L’opera di Testori risale al 1979. Cosa ti ha spinto a misurarti con una lingua così complessa e stratificata?

Ho iniziato a studiare Testori per candidarmi alla Bottega amletica testoriana diretta da Antonio Latella. Per il provino era richiesto un monologo e, dopo averne letti moltissimi, ho scelto «Interrogatorio a Maria». Confermo la difficoltà, ma se il primo Testori utilizza un linguaggio che sembra voler smembrare la parola, qui la scrittura, pur stratificata, si traduce in una preghiera. Mi ha incuriosito capire come si potesse interrogare la Madonna. In più ha rappresentato una sfida in un momento in cui stavo mettendo in discussione il mio rapporto con la fede.

In scena interpreti sia Maria che il coro. Come hai lavorato fisicamente e vocalmente per rendere credibile questa scissione?

Mi faccio aiutare da un microfono ad asta, strumento drammaturgico che entra in scena insieme alla Madonna. Mi sono interrogata molto sulla sua postura, sul suo stare in scena, e ancora non ho una risposta certa. È una figura estremamente passiva finché non risponde, ma quando prende la parola emana una prepotenza importante che si trascina via tutto, tanto che anche il microfono a un certo punto sparisce. Il lavoro vocale sul coro veicola una richiesta insistente, che pretende un riscontro velocemente quando, invece, il tempo di risposta di Maria è più dilatato. Ma questo implica, da parte sua, pensiero e cura.

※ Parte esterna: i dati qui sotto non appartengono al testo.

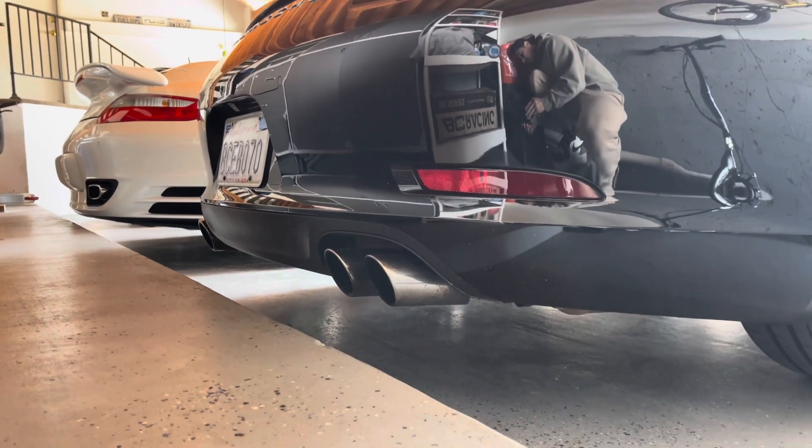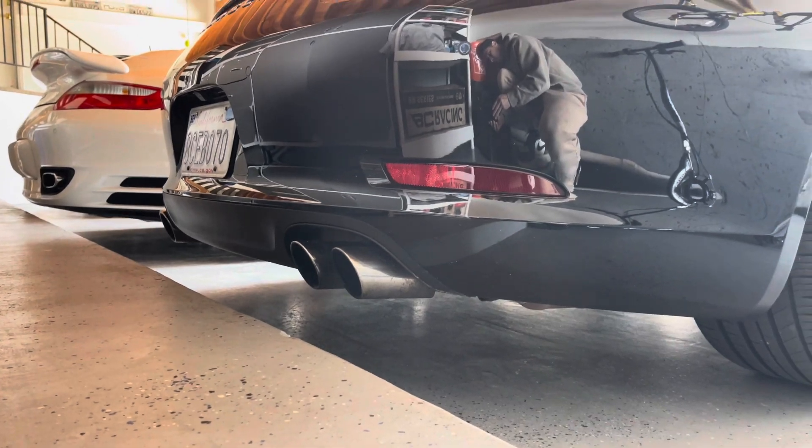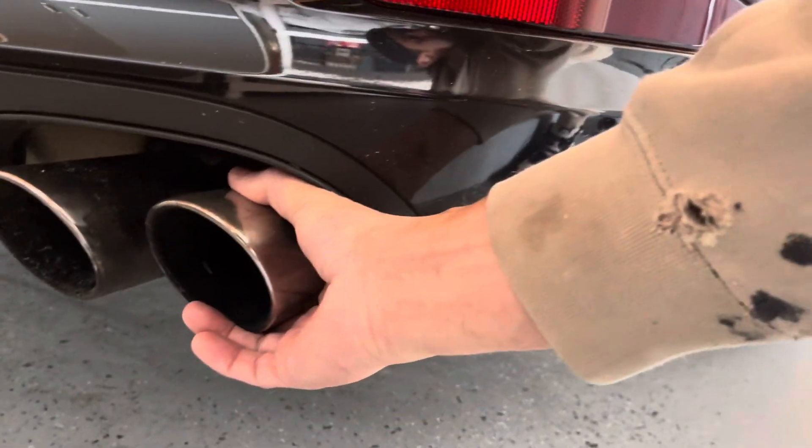Good morning. Good afternoon, everybody. It is February 13th, about 12:30 in the afternoon. This is the cold start for the 911 Black Edition Cabriolet. Alright, completely cold.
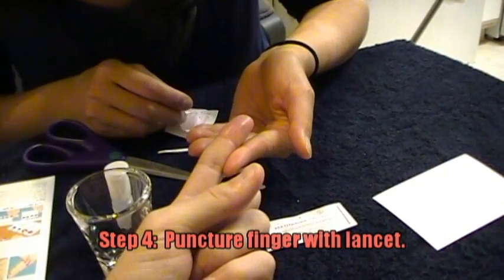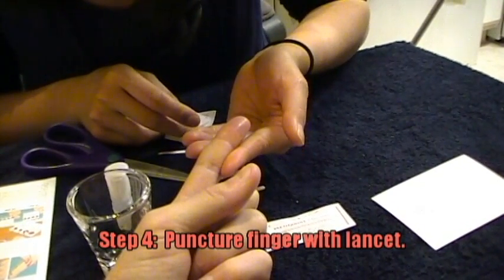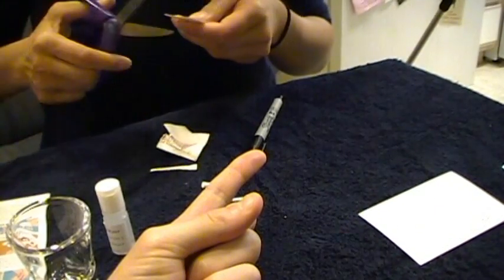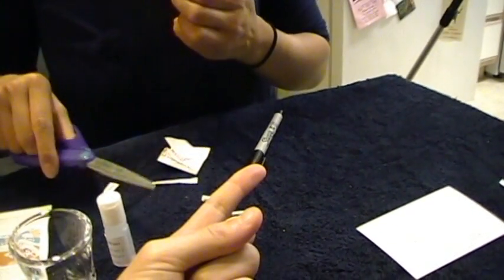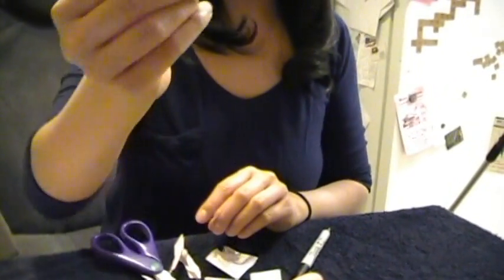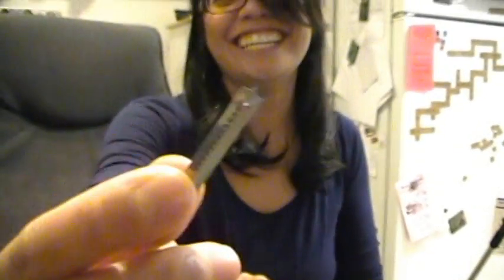Step four, puncture the skin by pressing the lancet firmly against the side of the fingertip. A friend may assist you. Can I puncture myself? Are you serious? Kinda, yeah. Do you not trust me to poke you with this? Can you see it? Yeah.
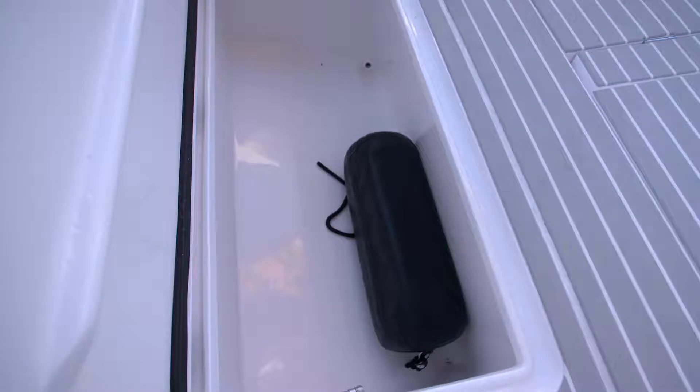On the starboard side of the aft cockpit, we have a good-sized fish box. This is macerated and insulated.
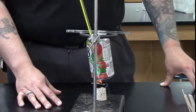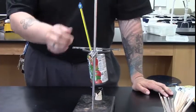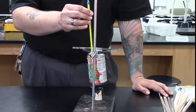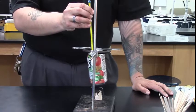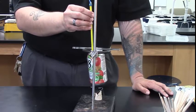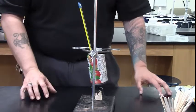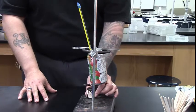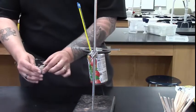We'll let the Frito burn until it burns itself out — shouldn't take very long. Once the Frito has burned itself out, we need to measure the temperature of the water at its highest point. We can stir it a little with the thermometer and read the temperature when it reaches its highest point — that will be our final temperature. The last thing we need to do is take the residue that's left over and weigh it again.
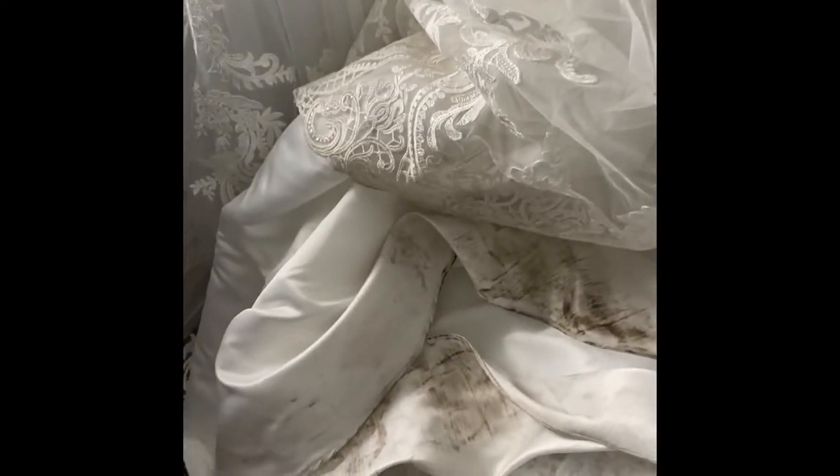Here is my wedding dress. As you can see, it's really dirty. And quotes to have it done dry cleaned are nearly £300.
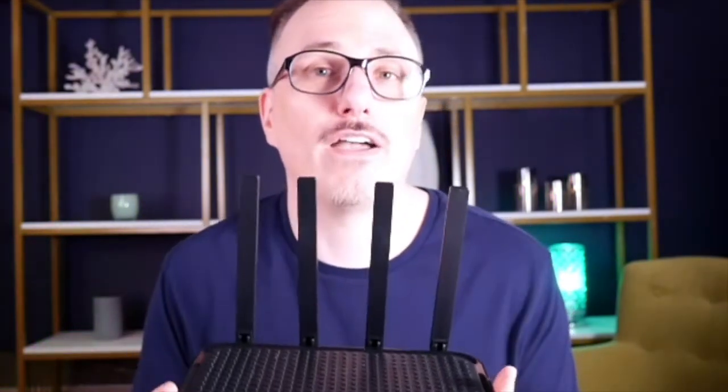Once connected, setup is very easy. You download the Rock Space app, connect to the Wi-Fi router, and then set up your network for your home with your own password. I think it will probably take about five minutes to set up.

Qual è, secondo te, la domanda più urgente che la tua Maria pone al mondo contemporaneo?

Maria a un certo punto descrive al coro il suo abbraccio al cadavere del figlio, che ha deposto dalla croce. Un’immagine che mi ha fatto pensare a chi sono oggi le figure delle madri che depongono questi corpi. E che, come lei, chiedono al coro, a noi, di pensare a quei figli uccisi. Allo stesso tempo Maria è un simbolo fortissimo di speranza e di forza: ha accettato il suo destino, pur nella consapevolezza che avrebbe visto suo figlio morire.

Hai affrontato questa figura più come un’icona religiosa o come una donna che vive un dramma umano?

Effettivamente Testori descrive una Madonna estremamente umana e concreta, pur attraverso un linguaggio altissimo e poetico. Sceglie di non incasellarla, ma di renderne piuttosto la complessità. Quindi non la rinchiude dentro una cosa sola. La umanizza, ma non la semplifica.

Che rapporto hai con la spiritualità?

Quando ho cominciato a lavorare al testo non ero in pace con questo argomento. All’epoca stavo vivendo un allontanamento molto doloroso dalla fede, che però mi ha consentito di scoprire altre cose. Attualmente posso dire di essere alla ricerca, consapevole che per me la spiritualità è qualcosa di morto importante.

Come sta procedendo la tua residenza a Lione?

È un’esperienza bellissima, di cui sono molto grata. Ci troviamo in mezzo alla campagna, in una zona verde vicino a Lione. «Architetture», lavoro selezionato per il Grand Tour 2025, ruota intorno alla filmografia della regista e sceneggiatrice francese Céline Sciamma. Stiamo costruendo il progetto, sostenuti da servomutoTeatro, associazione under 35 di produzione teatrale di Brescia. Al momento siamo in fase di studio. È un bellissimo cantiere aperto.